The problem: If a line in the records below contains "Chevrolet", copy that line.

Provided material:
****************************************

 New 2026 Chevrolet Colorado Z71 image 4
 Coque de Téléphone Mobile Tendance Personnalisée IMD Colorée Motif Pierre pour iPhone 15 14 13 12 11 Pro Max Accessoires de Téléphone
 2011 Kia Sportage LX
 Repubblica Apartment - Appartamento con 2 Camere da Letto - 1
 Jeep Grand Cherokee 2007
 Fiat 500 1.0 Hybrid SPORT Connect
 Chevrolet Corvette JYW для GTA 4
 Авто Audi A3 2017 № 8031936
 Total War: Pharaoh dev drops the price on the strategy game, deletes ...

****************************************

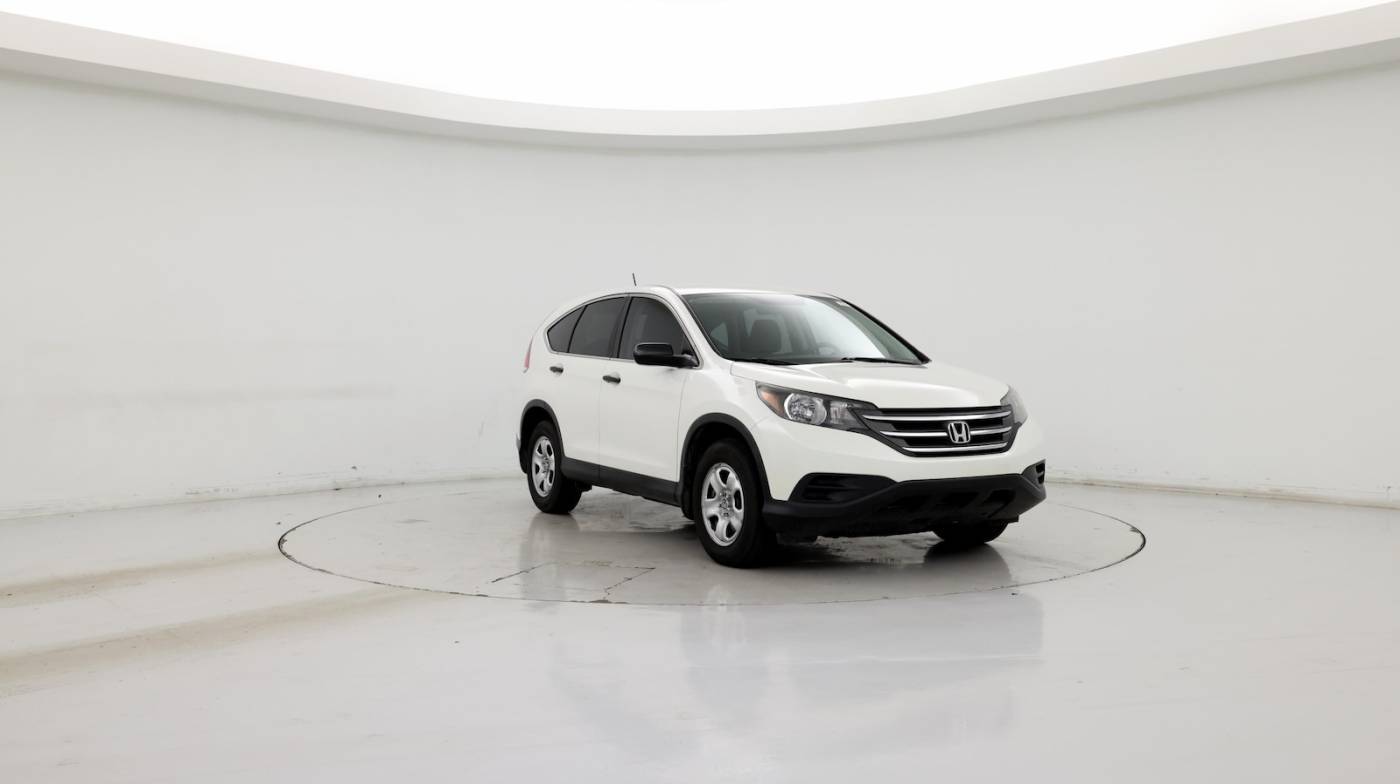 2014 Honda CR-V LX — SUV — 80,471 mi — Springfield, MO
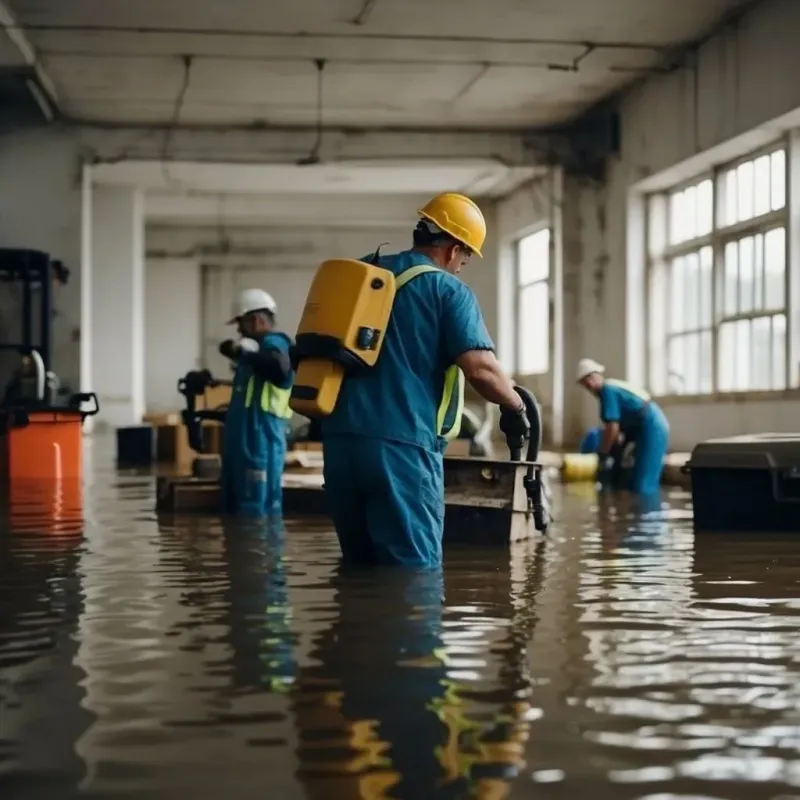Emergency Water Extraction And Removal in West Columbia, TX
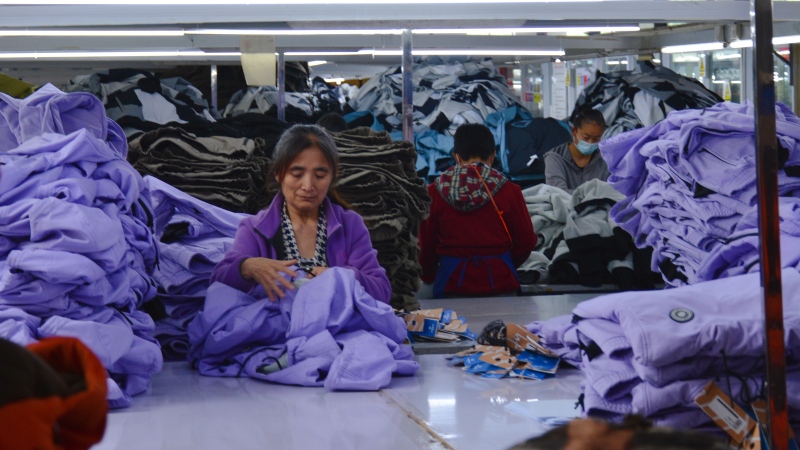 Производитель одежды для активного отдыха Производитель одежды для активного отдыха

****************************************

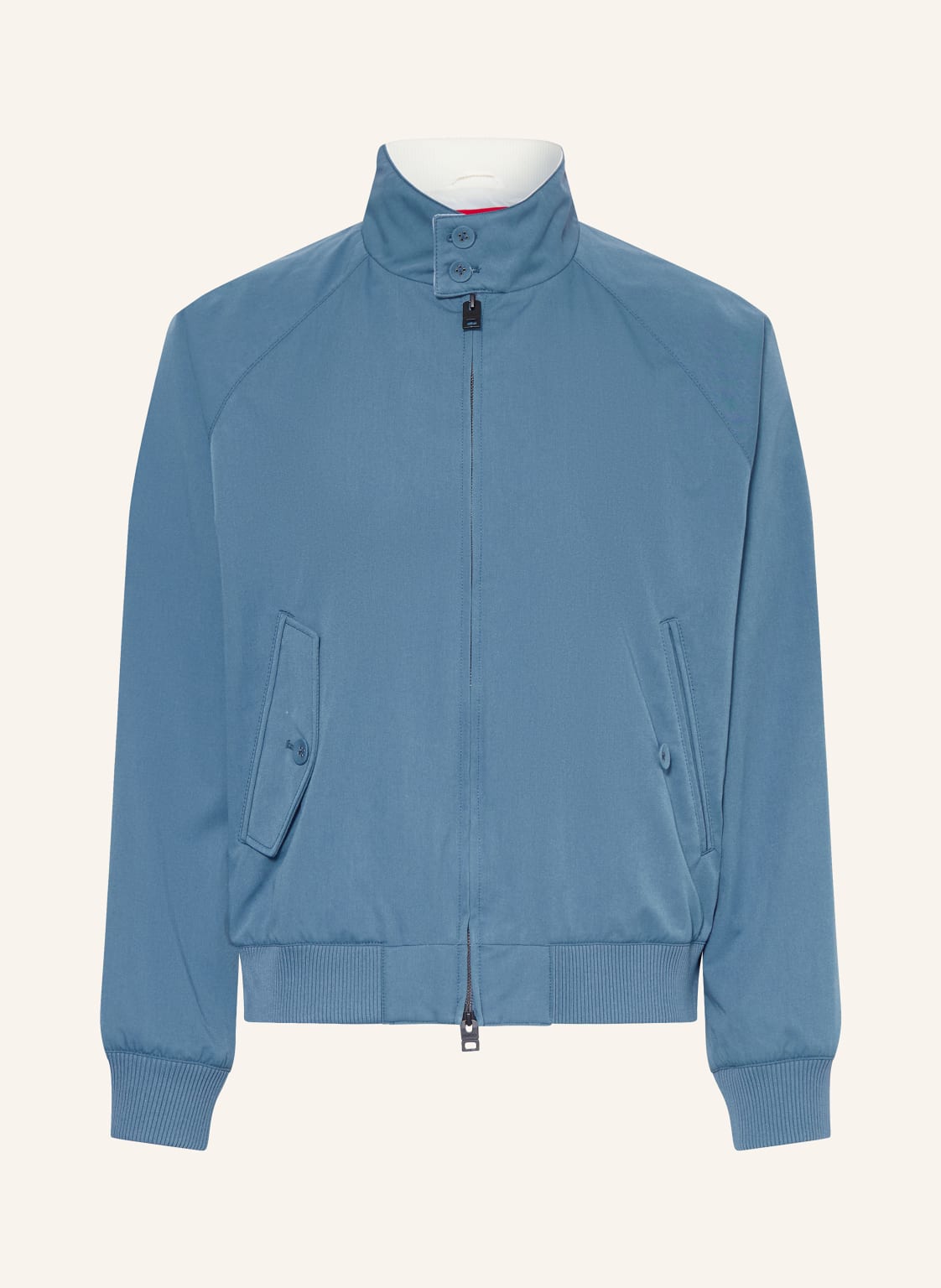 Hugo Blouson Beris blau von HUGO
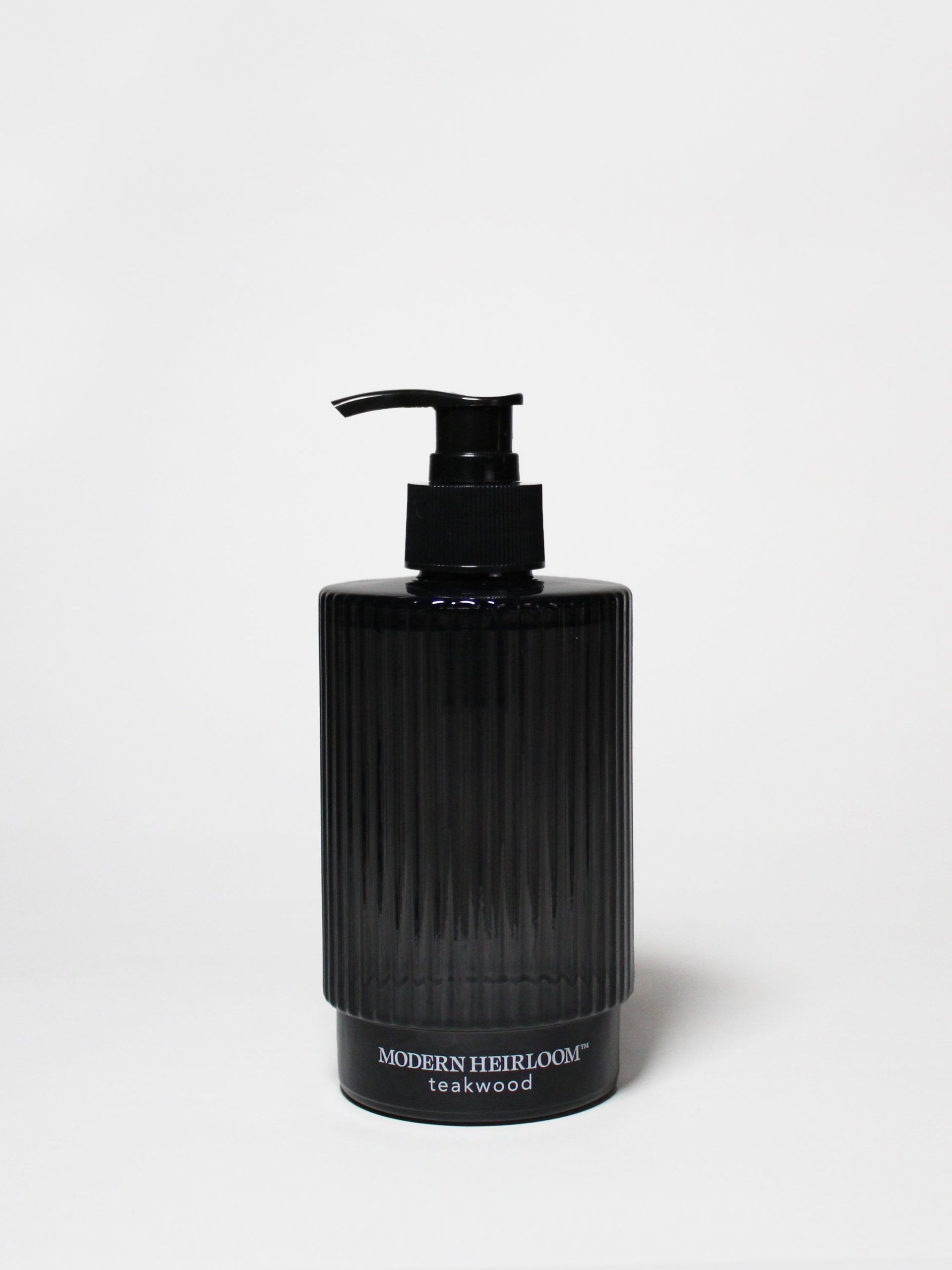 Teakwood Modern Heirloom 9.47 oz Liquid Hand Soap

****************************************

Reply:
 New 2026 Chevrolet Colorado Z71 image 4
 Chevrolet Corvette JYW для GTA 4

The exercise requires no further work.